--- Data section Enclosed Below ---

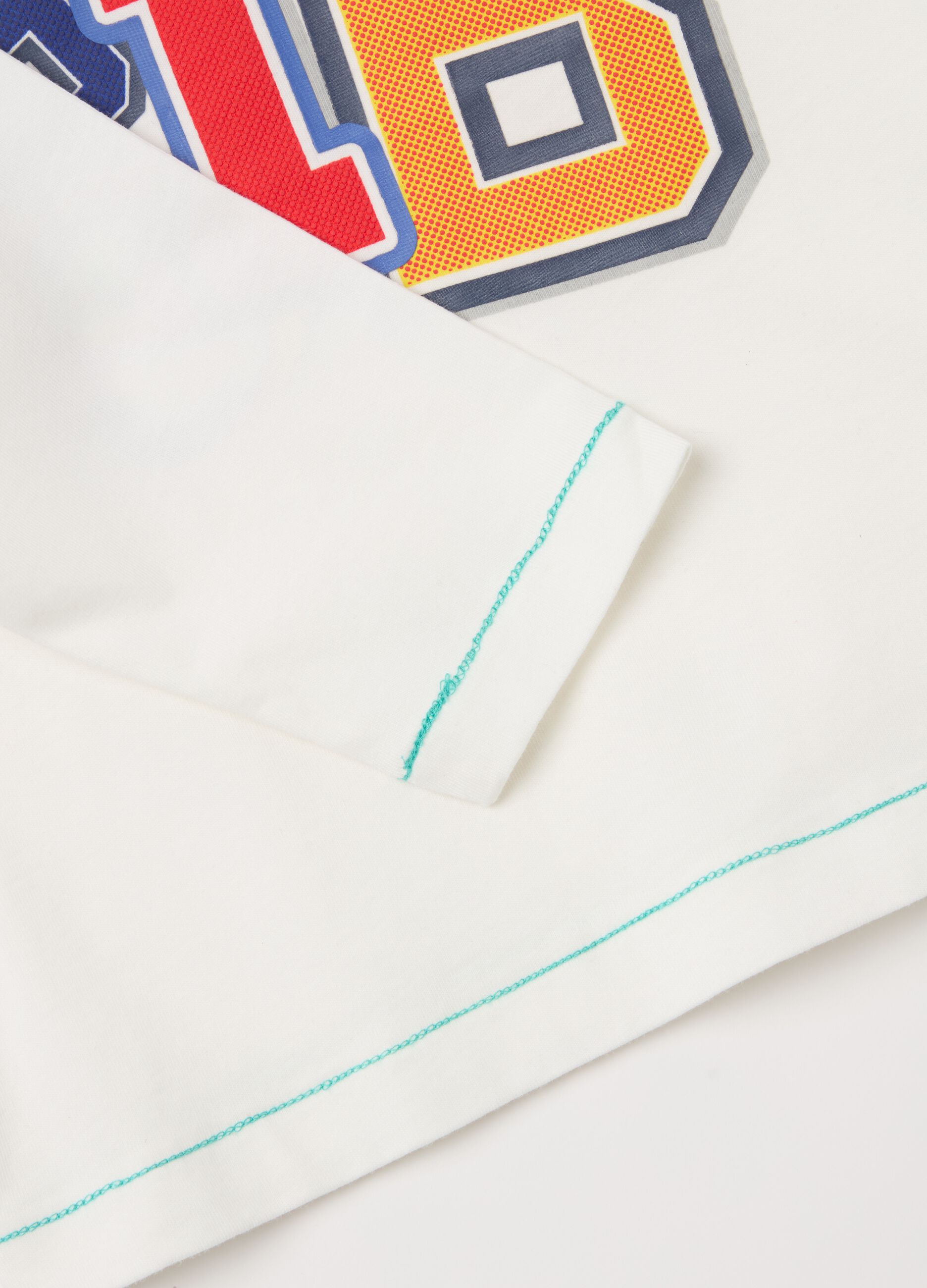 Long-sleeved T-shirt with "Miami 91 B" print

--- End of Enclosed Data section ---
--- Data section Enclosed Below ---

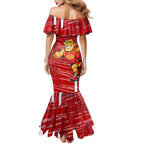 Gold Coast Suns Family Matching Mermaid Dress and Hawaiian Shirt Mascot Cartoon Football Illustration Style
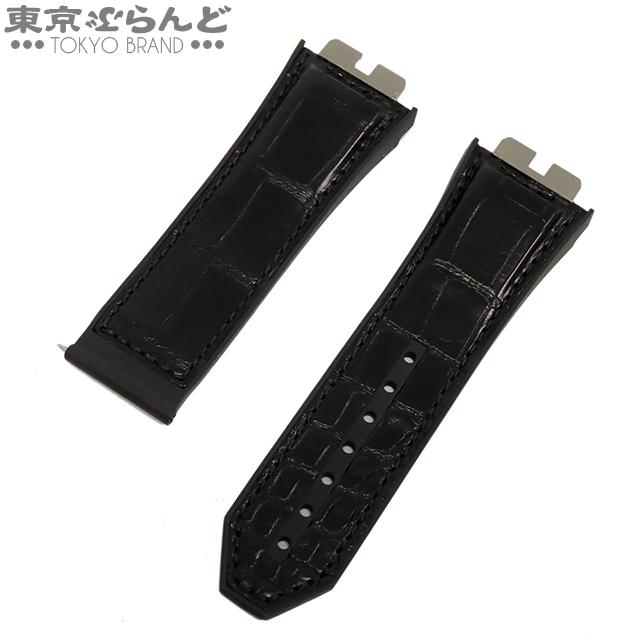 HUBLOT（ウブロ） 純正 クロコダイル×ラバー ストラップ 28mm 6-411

--- End of Enclosed Data section ---
--- Data section Enclosed Below ---

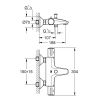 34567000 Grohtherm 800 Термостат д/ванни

--- End of Enclosed Data section ---

[Work request]
Starting with the line that has "Gold Coast Suns" and going on through the line that has "HUBLOT（ウブロ） 純正 クロコダイル×ラバー ストラップ 28mm 6-411", transcribe the records above exactly, but skip the pictures.

[Expected answer]
 Gold Coast Suns Family Matching Mermaid Dress and Hawaiian Shirt Mascot Cartoon Football Illustration Style
 HUBLOT（ウブロ） 純正 クロコダイル×ラバー ストラップ 28mm 6-411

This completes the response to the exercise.